Table 8.1 Enumeration of appliance loan variable combinations
Age = young |
Income = low |
Risk = low Risk = medium Risk = high |
Income = average |
Risk = low Risk = medium Risk = high |
|
Income = high |
Risk = low Risk = medium Risk = high |
|
Age = middle |
Income = low |
Risk = low Risk = medium Risk = high |
Income = average |
Risk = low Risk = medium Risk = high |
|
Income = high |
Risk = low Risk = medium Risk = high |
|
Age = old |
Income = low |
Risk = low Risk = medium Risk = high |
Income = average |
Risk = low Risk = medium Risk = high |
|
Income = high |
Risk = low Risk = medium Risk = high |
The tree for this set of rules is partially shown in Figure 8.1.
A rule-based system model would require that the bank loan officers, who had respected judgment, be interviewed to classify (and justify) the decision for each of these combinations of variables. Some trees may be simplified. For instance, if income is high, the loan might be automatically granted by some loan officers. This would reduce the tree, as age and risk would not matter in that case. Further, for those without low income, if risk were high, the loan might not be granted. The first rule would be as shown in Table 8.2.
Table 8.2 Initial rule
Age |
Income |
Risk |
Rule |
High |
Grant loan |
||
Not high |
Deny loan |
This structure uses classification data, because there are a clear, finite number of outcomes (don’t grant the loan, grant the loan, and possibly authorize part of the loan). This form of tree is referred to as a classification tree. Trees can also be used on data with continuous outcomes, in an estimating or predicting mode. In these cases, the terminology is a regression tree.
Rule Interestingness
Data, even categorical data, can involve potentially many rules. For instance, in the loan application data just presented, there were four variables, each of which could take on three values. There were 3 × 3 × 3 = 27 combinations, each given in Table 8.1. If there were 10 variables, each with 4 possible values, the number of combinations would be over a million (1,048,576). Clearly, brute force generation of rule outcomes is unreasonable. Fortunately, decision tree methods identify the most useful rules in terms of predicting outcomes. Rule effectiveness is measured in terms of confidence and support. Confidence is the degree of accuracy of a rule. Support is the degree to which the antecedent conditions occur in the data. Support for an association rule indicates the proportion of records covered by the set of attributes in the association rule. If there were 10 million book purchases, support for the given rule would be 10/10,000,000, a very small support measure of 0.000001. These concepts are often used in the form of threshold levels in machine learning systems. The minimum confidence levels and support levels can be specified to retain the rules identified by decision tree (or other association rule) methods.

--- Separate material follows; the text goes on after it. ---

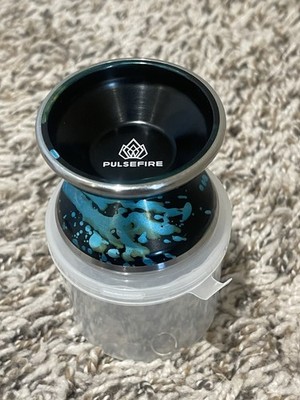 Axis Pulsefire yoyo Black Blue Splash Design with box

For rules to be interesting, they must identify something useful (have a high confidence level and sufficiently high support) and novel. For instance, a grocer applying data mining finds that eggs and bacon are purchased together at a confidence level of 0.9 and a support level of 0.2 might not be impressed. The grocer knew that prior to data mining. Interestingness is the idea that the data mining analysis found out something that was unexpected (knowledge discovery). It is still useful to confirm the hypothesis that eggs and bacon sell together. But, it is more useful to discover the knowledge that blackberry jam and eggs go together at a similar rate. (Please note that we do not know of such a real relationship.) Such information could lead to rearrangement of store displays or promotions or both, which would make it interesting.
Machine Learning
Rule induction algorithms have been developed to automatically process data of this type. For this approach to work, a clear outcome is needed. In this case, a clear outcome exists—two categories of payoff results. Rule induction works by searching through data for patterns and relationships. The records can be clustered into specific categories. Machine learning starts with no assumptions—thus looking only at the input data and results. The judgment developed by human experts is not considered, which might sound inefficient, but human biases can, thus, be eliminated. Recursive partitioning algorithms split data (original data, not grouped as aforementioned) into finer and finer subsets, leading to a decision tree.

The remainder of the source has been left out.